Altera_Forum · ‎12-08-2013

Say we define two __local memory A[1024] and B[1024] in the kernel function and the data-flow is DDR--> A --> B -->DDR, my question is that do they combine their read/write ports to generate common local memory system or preserve the individual read/write ports? I am sure that the common local memory system will greatly degrade the performance, even worse when many __local variables are defined.

According to the kernel log: " .. kernel number of local memory banks : 1 1 1 1 1 1 1 ", Does it mean 7 banks exist in my design?

The memory utilization is much more than the __local memory defined in the OpenCL code, do the delay operations (with wider datapath, e.g. 32) require a lot of Block RAMs when the OpenCL code has relatively complex logic? BTY, I have roughly read the *.v generated by the AOC, and a lot of FIFO (with *.IMPL = "ram") are generated for delay operations. Does it mean we should avoid complex logic by generating multiple kernels?

Altera_Forum · ‎12-13-2013

There are a lot of answers to that question because it depends on the kernel. In general I have these recommendations:

1) Use the __restrict keyword any time it's safe to do so (i.e. when you don't need to worry about pointers aliasing the same data)

2) Make sure you don't use the same pointer to dereference multiple memory spaces (i.e. in this case don't have a pointer that has to access both A and B, use multiple pointers instead)

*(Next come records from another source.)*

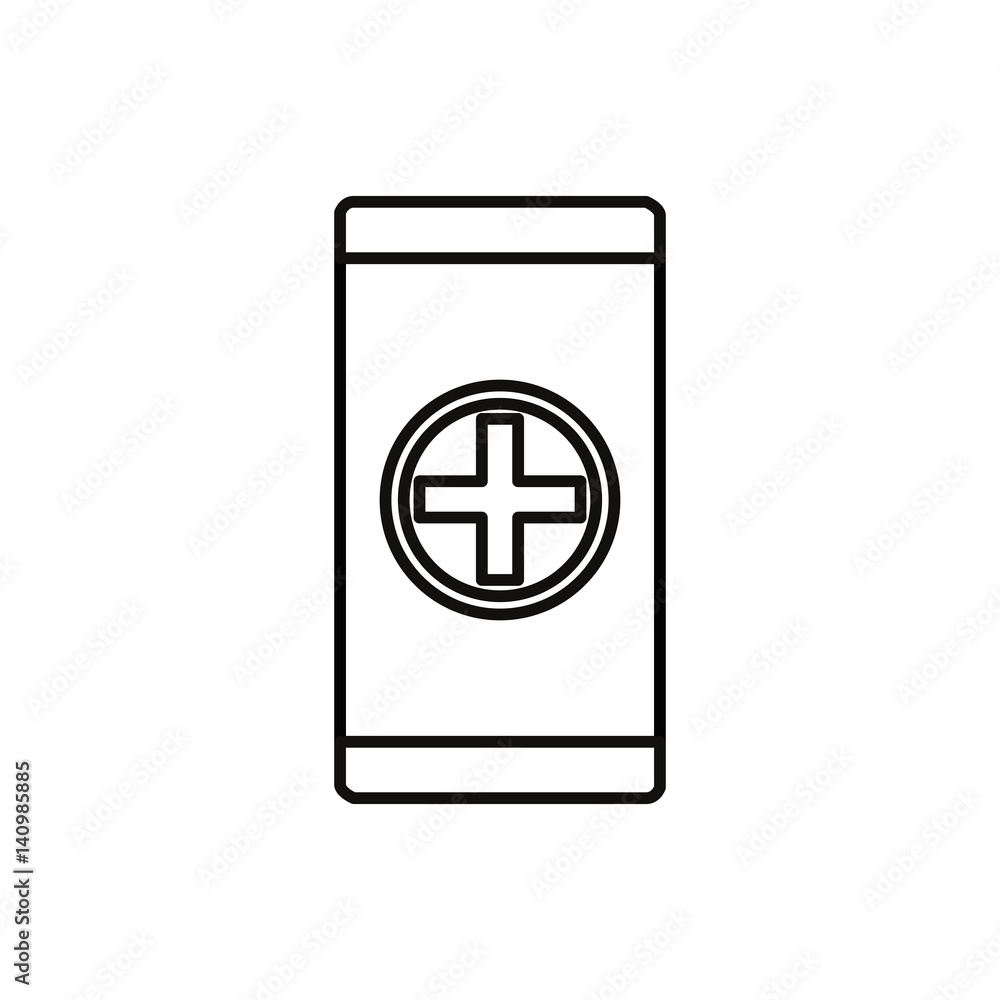 smartphone device with medical sign icon over white background. vector illustration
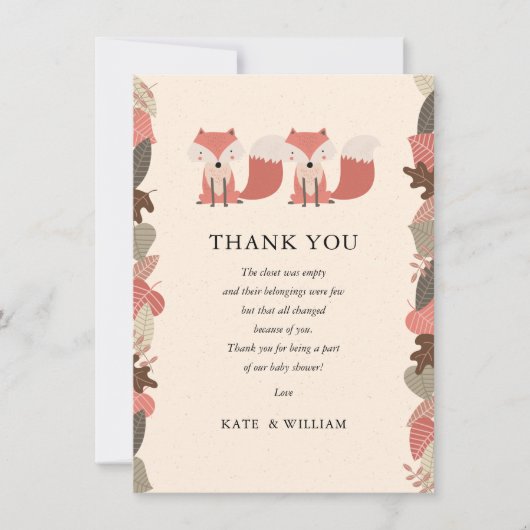 Bosvos Tweeling Baby Shower Bedank Gedicht Bedankkaart (Voorkant)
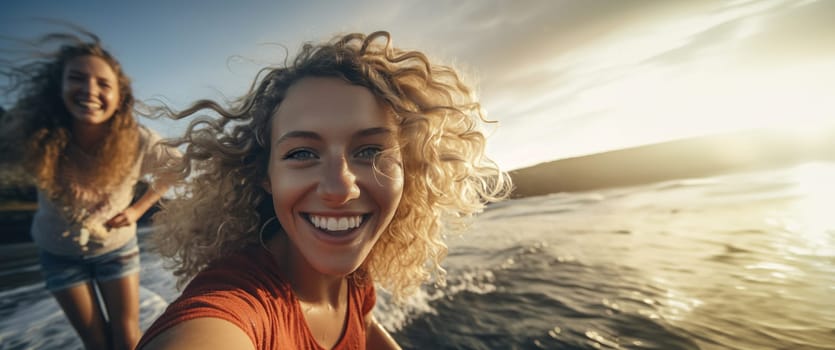 Laughing happy curly teenage girls on surfboard taking selfie with fisheye lens among waves in ocean on sunny summer day, sporty zoomer lifestyle, Generated AI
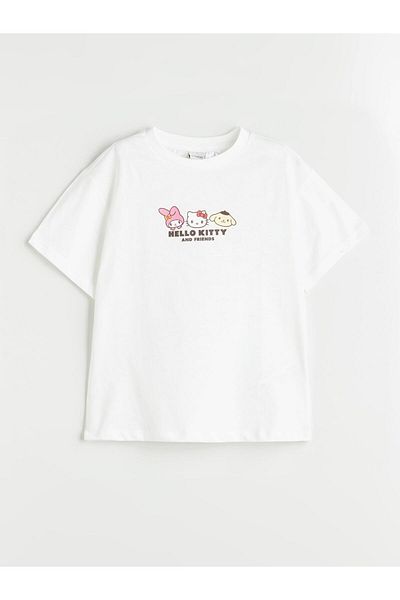 LC Waikiki New Season Crew Neck Hello Kitty Printed Girls' T-Shirt - S5Ps97Z4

3) Use __private temporary storage when possible

I can't really comment on whether it makes sense for the algorithm to be split into multiple kernels. In general I try to keep everything combined into a single kernel since it's normally more effiicient to have a single pipeline than a bunch of independent pipelines in terms of performance and area.

Altera_Forum · ‎12-18-2013

Nice recommendations. I do not think that keeping everthing combined into a single kernel is a good idea, since the resource requirement increases exponentially and the clock frequency drops quickly while the control logic is complex.

Altera_Forum · ‎12-18-2013

It depends on the kernel(s) really. Sometimes what you said is indeed true other times it's not. Again these are just general rules of thumb based on what I've seen across many designs.